5. Method validation

Because each step is performed in RStudio, and because the cleaning and reorganizing of data are done in stages, it is straightforward to inspect the data at each step to ensure that the changes being made are expected. This inspection was done in the case of the example used here; all relevant data were retained and all data from incomplete sequences, low quality sequences, and duplicates were removed. In addition, all irrelevant information from the FASTA description lines was removed and the filtered sequences were successfully written to a new FASTA file and their description lines contained only the NCBI accession number and the species name. These cleaned data have many potential bioinformatic applications; for further detail on the subsequent analyses used with this dataset see Dougherty and Hudak [3].

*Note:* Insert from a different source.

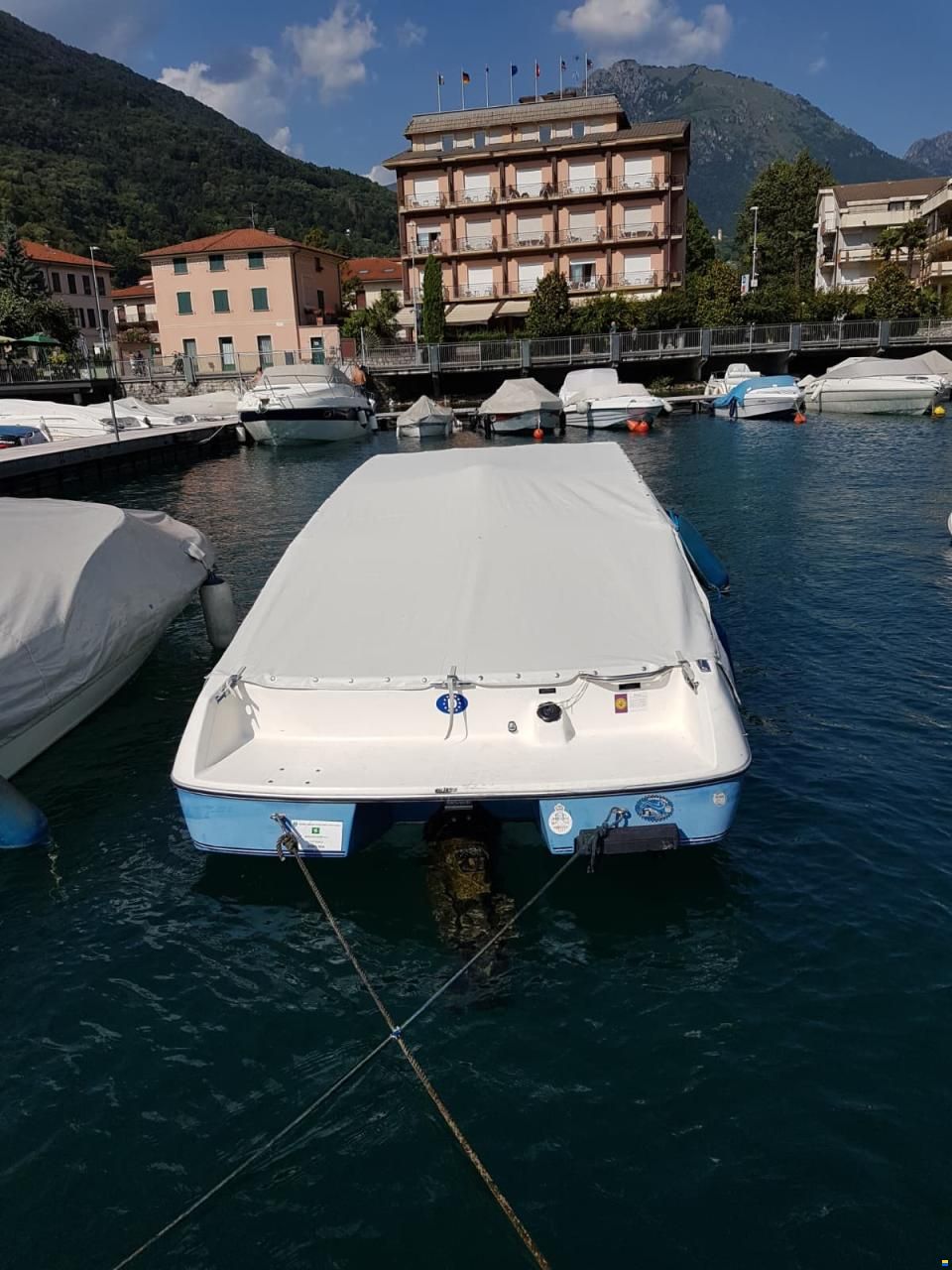 Bayliner Capri 2052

Declaration of Competing Interest

The authors declare that they have no known competing financial interests or personal relationships that could have appeared to influence the work reported in this paper.

Appendix. Supplementary materials

Supplementary Data 1 – The raw FASTA file of the sequences downloaded from the NCBI Proteins database (referred to as sequence.fasta).

Supplementary Data 2 – R markdown file with all the code used in this paper.

Supplementary Data 3 – HTML output of the R markdown file in Supplementary Data 2.

Supplementary Data 4 – Table containing all the results of the pairwise comparisons for all sequences with over 99% similarity (referred to as pairwise_percent_identity_over_99.csv).

Supplementary Data 5 – Cleaned and filtered FASTA file (referred to as filtered_sequences.fasta).

Supplementary Data 6 – Detailed taxonomic information for each species in the dataset (referred to as detailed_taxonomy.csv).

Supplementary Data 7 – Final table (referred to as tabulated_cleaned_data.csv).

Supplementary Data 8 – Text file containing all accession numbers remaining after filtering (referred to as accessions.txt).

Data availability

• All code and data are available in supplementary materials.